*** PROVIDED ENTRIES Section Begins ***

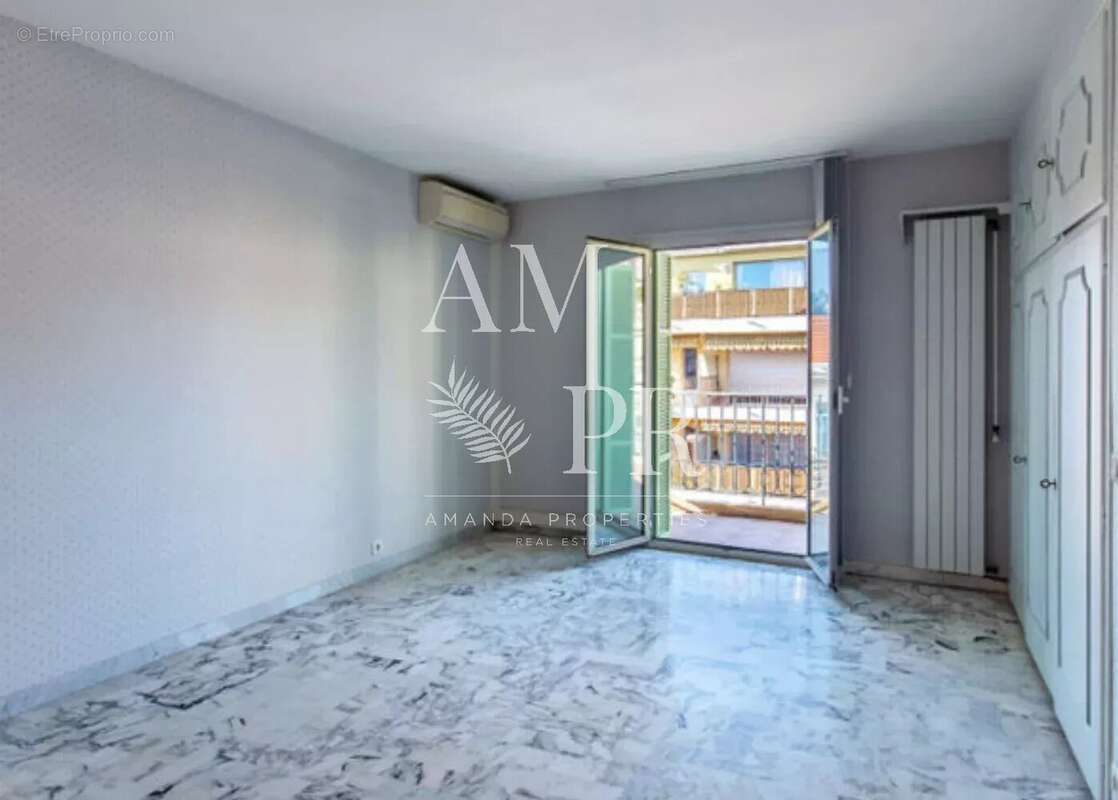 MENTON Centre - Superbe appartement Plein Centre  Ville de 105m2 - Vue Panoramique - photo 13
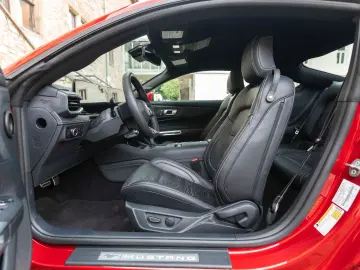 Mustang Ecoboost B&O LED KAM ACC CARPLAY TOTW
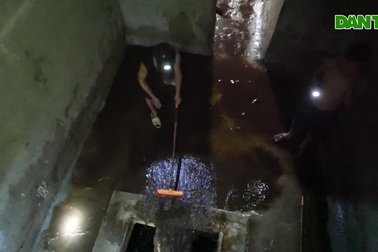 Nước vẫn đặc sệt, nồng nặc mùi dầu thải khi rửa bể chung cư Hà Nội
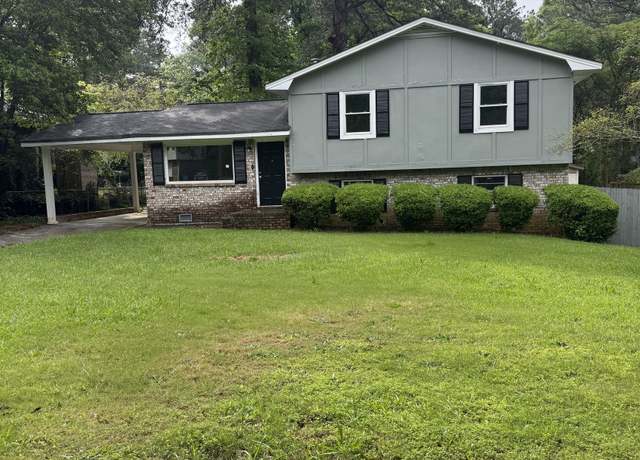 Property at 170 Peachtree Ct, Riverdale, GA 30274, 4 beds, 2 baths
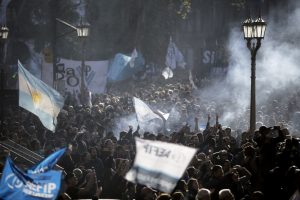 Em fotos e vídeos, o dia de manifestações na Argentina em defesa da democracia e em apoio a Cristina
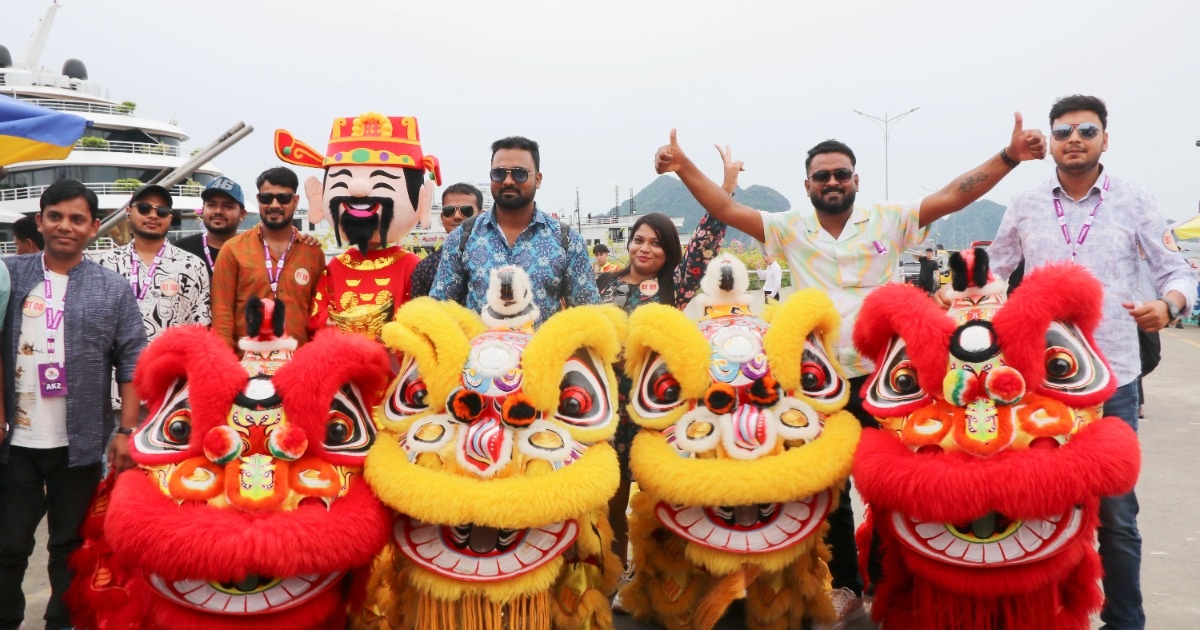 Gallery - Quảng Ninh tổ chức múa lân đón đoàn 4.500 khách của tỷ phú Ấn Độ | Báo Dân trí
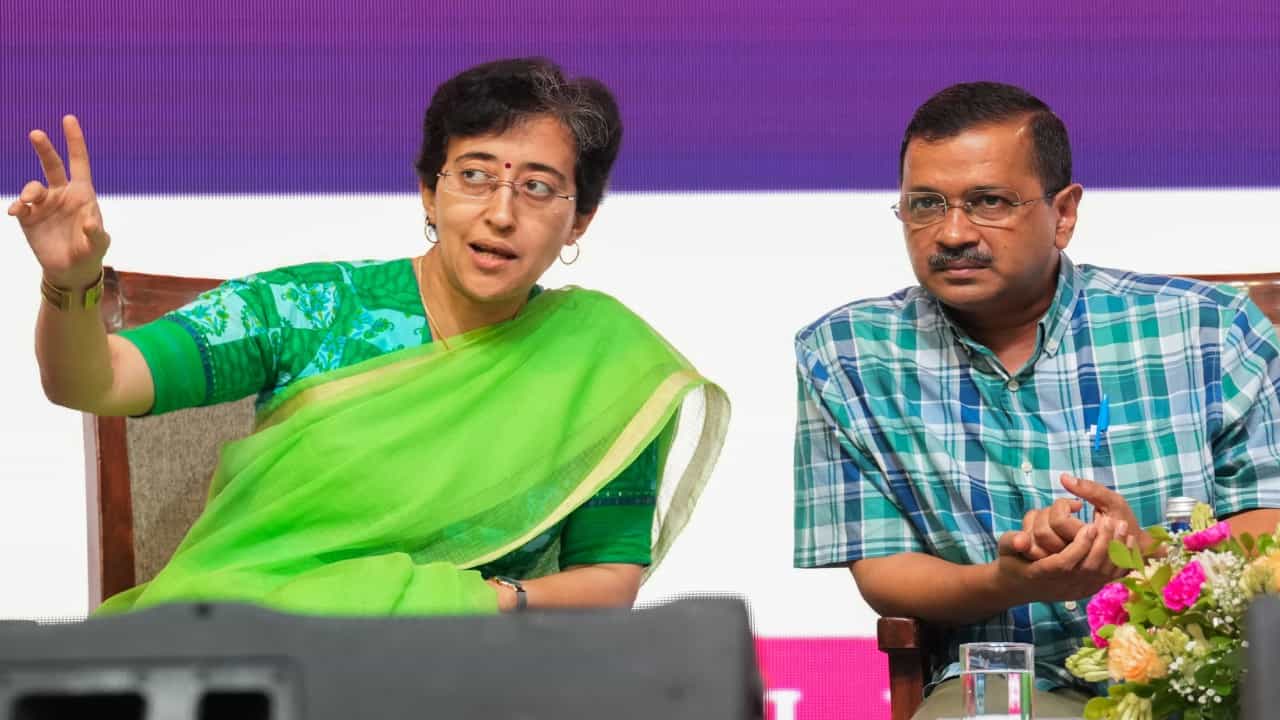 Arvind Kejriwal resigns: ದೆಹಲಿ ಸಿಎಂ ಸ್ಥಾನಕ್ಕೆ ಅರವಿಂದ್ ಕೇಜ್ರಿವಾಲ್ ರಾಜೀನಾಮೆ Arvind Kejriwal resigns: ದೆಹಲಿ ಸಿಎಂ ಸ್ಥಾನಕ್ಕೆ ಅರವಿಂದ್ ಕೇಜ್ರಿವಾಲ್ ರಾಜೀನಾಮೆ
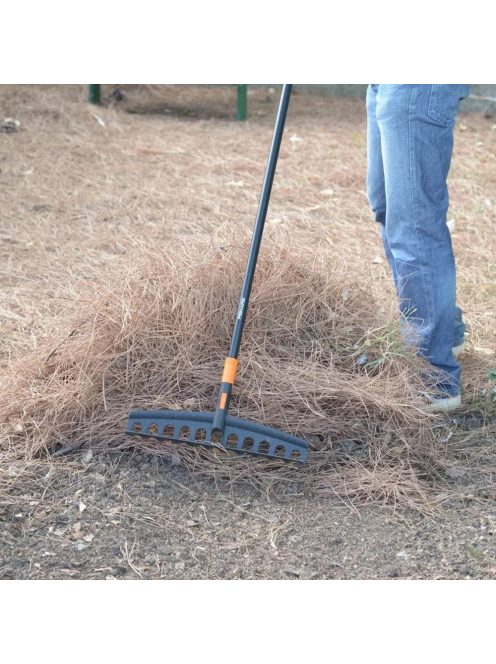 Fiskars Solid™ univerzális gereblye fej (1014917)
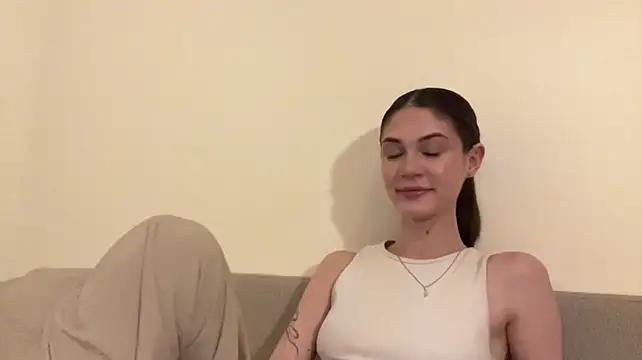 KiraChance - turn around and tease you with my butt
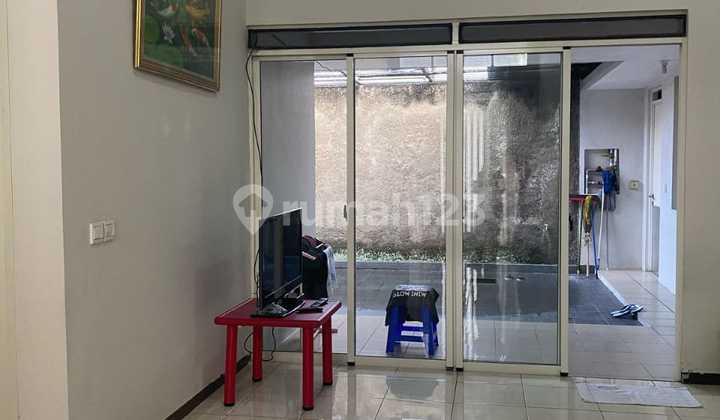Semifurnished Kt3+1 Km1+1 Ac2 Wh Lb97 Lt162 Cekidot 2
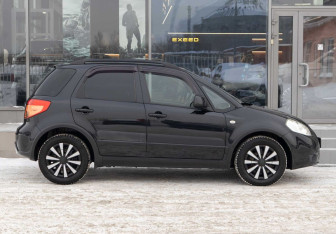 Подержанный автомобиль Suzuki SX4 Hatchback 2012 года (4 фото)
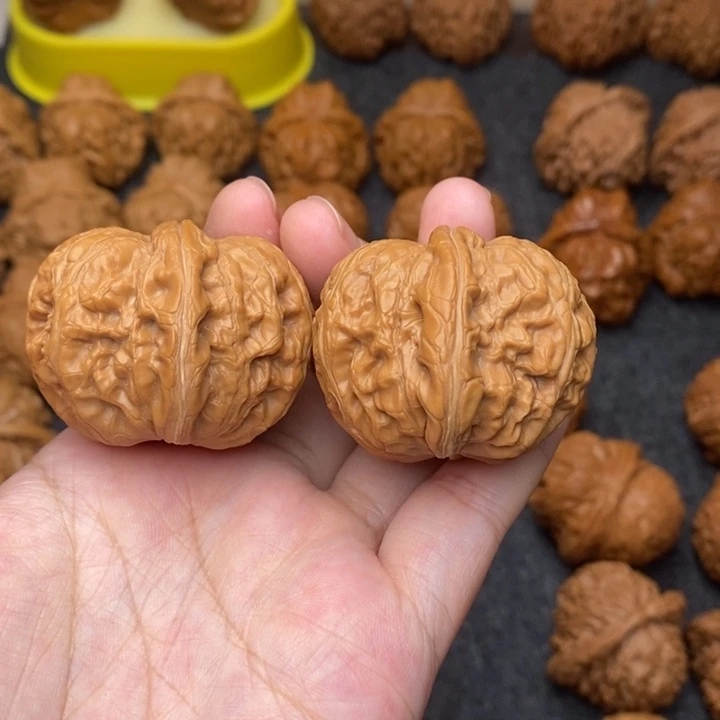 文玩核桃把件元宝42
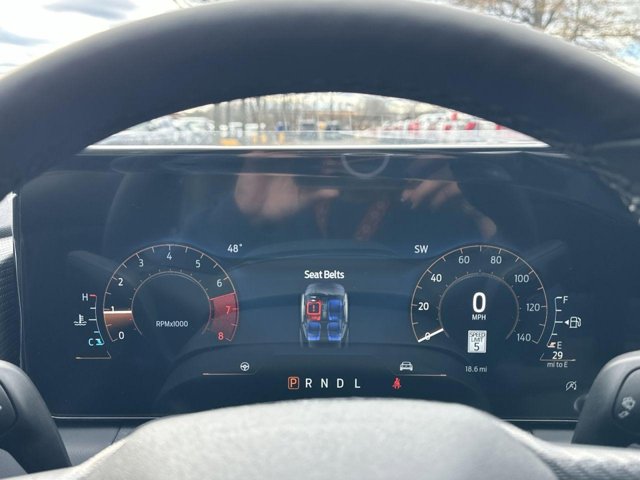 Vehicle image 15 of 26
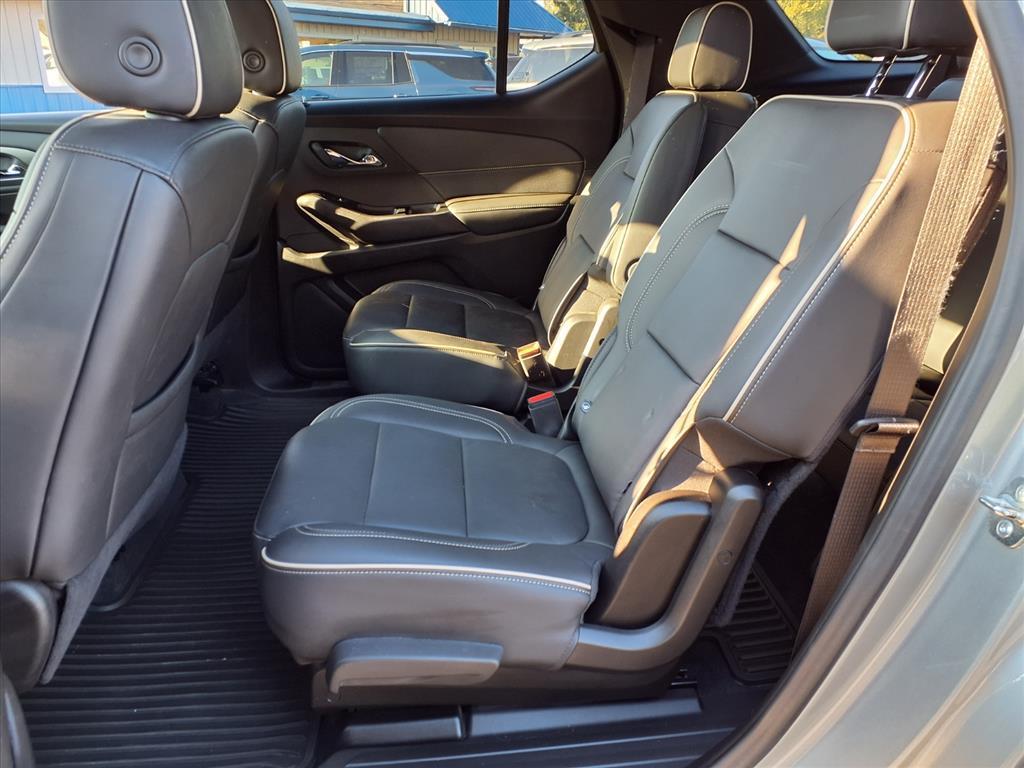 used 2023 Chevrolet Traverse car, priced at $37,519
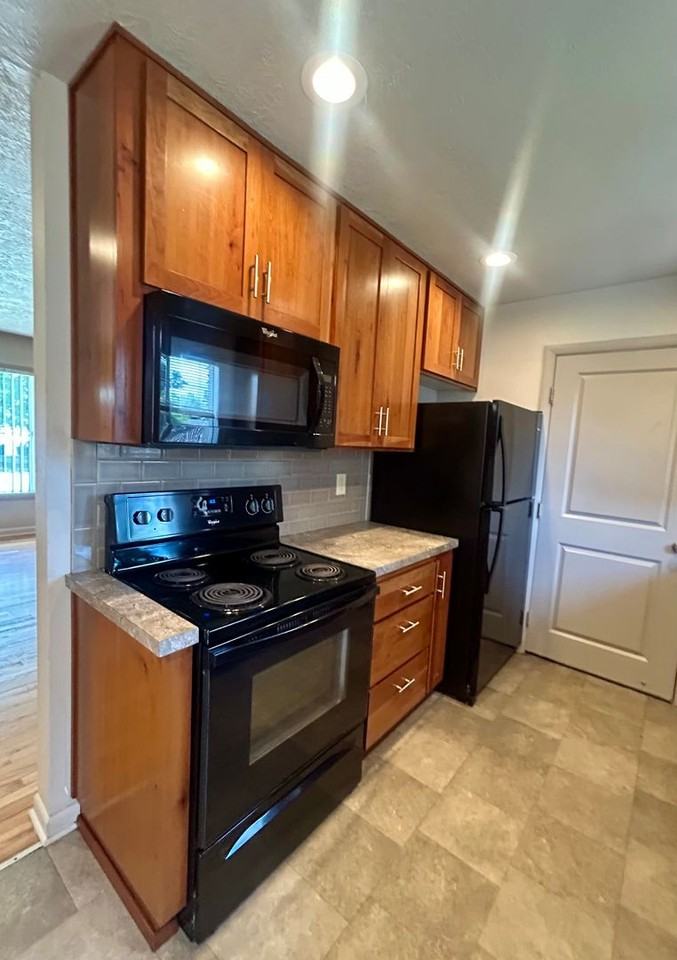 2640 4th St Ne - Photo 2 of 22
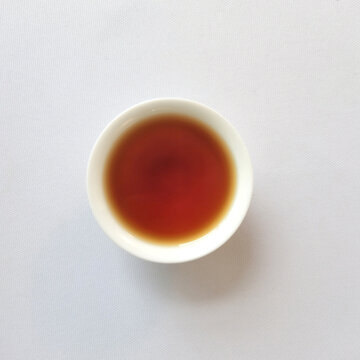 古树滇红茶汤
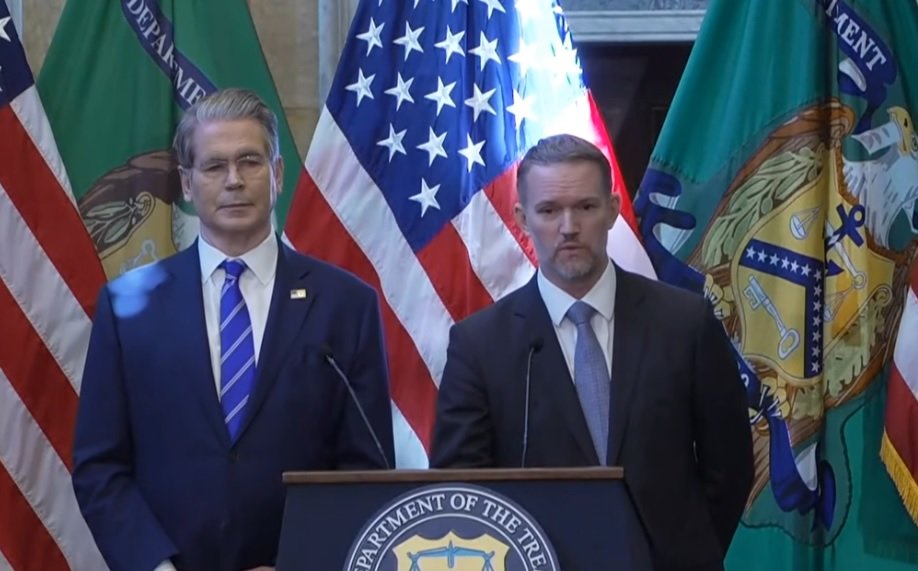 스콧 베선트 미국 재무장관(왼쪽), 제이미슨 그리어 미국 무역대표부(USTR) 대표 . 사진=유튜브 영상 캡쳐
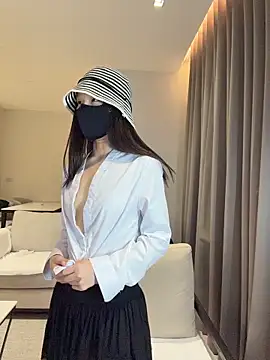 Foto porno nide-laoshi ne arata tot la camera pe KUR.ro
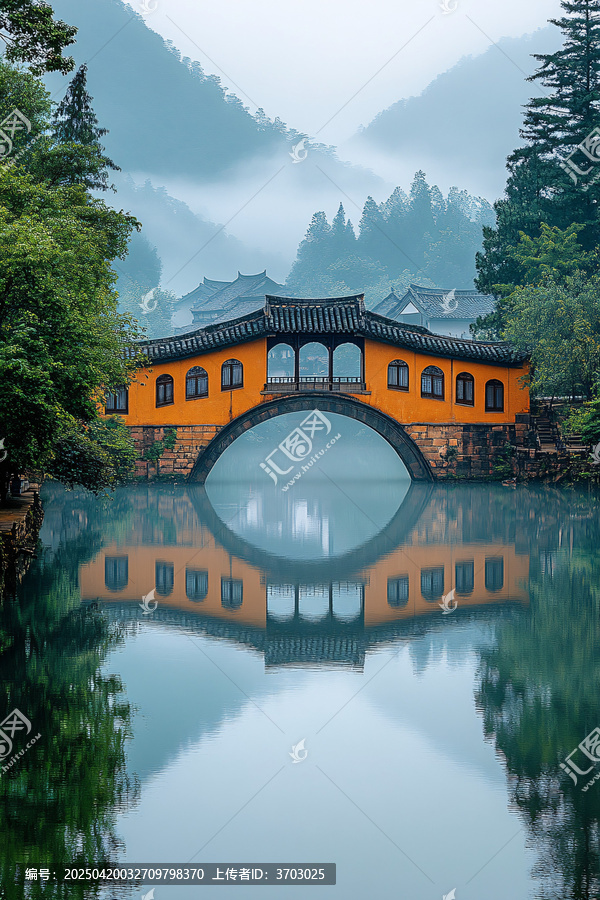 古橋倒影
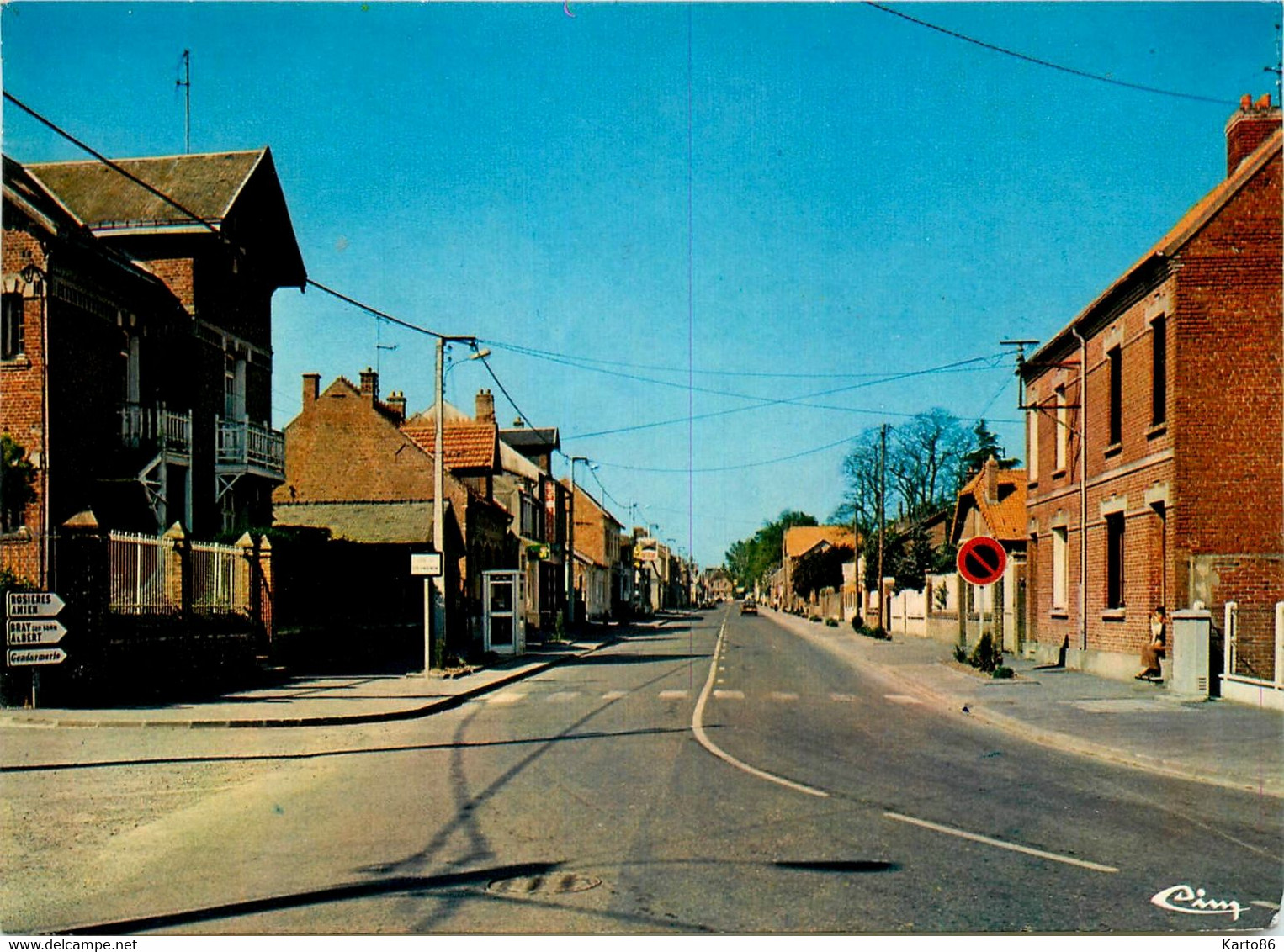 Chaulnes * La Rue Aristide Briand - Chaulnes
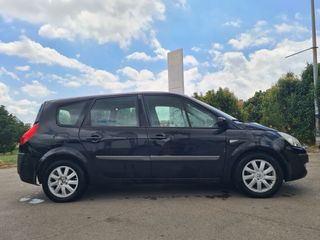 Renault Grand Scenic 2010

*** PROVIDED ENTRIES Section Ends ***

▶ EXERCISE
The required output is each line above restated verbatim, with all images omitted.

▶ YOUR RESPONSE
 MENTON Centre - Superbe appartement Plein Centre  Ville de 105m2 - Vue Panoramique - photo 13
 Mustang Ecoboost B&O LED KAM ACC CARPLAY TOTW
 Nước vẫn đặc sệt, nồng nặc mùi dầu thải khi rửa bể chung cư Hà Nội
 Property at 170 Peachtree Ct, Riverdale, GA 30274, 4 beds, 2 baths
 Em fotos e vídeos, o dia de manifestações na Argentina em defesa da democracia e em apoio a Cristina
 Gallery - Quảng Ninh tổ chức múa lân đón đoàn 4.500 khách của tỷ phú Ấn Độ | Báo Dân trí
 Arvind Kejriwal resigns: ದೆಹಲಿ ಸಿಎಂ ಸ್ಥಾನಕ್ಕೆ ಅರವಿಂದ್ ಕೇಜ್ರಿವಾಲ್ ರಾಜೀನಾಮೆ Arvind Kejriwal resigns: ದೆಹಲಿ ಸಿಎಂ ಸ್ಥಾನಕ್ಕೆ ಅರವಿಂದ್ ಕೇಜ್ರಿವಾಲ್ ರಾಜೀನಾಮೆ
 Fiskars Solid™ univerzális gereblye fej (1014917)
 KiraChance - turn around and tease you with my butt
Semifurnished Kt3+1 Km1+1 Ac2 Wh Lb97 Lt162 Cekidot 2
 Подержанный автомобиль Suzuki SX4 Hatchback 2012 года (4 фото)
 文玩核桃把件元宝42
 Vehicle image 15 of 26
 used 2023 Chevrolet Traverse car, priced at $37,519
 2640 4th St Ne - Photo 2 of 22
 古树滇红茶汤
 스콧 베선트 미국 재무장관(왼쪽), 제이미슨 그리어 미국 무역대표부(USTR) 대표 . 사진=유튜브 영상 캡쳐
 Foto porno nide-laoshi ne arata tot la camera pe KUR.ro
 古橋倒影
 Chaulnes * La Rue Aristide Briand - Chaulnes
 Renault Grand Scenic 2010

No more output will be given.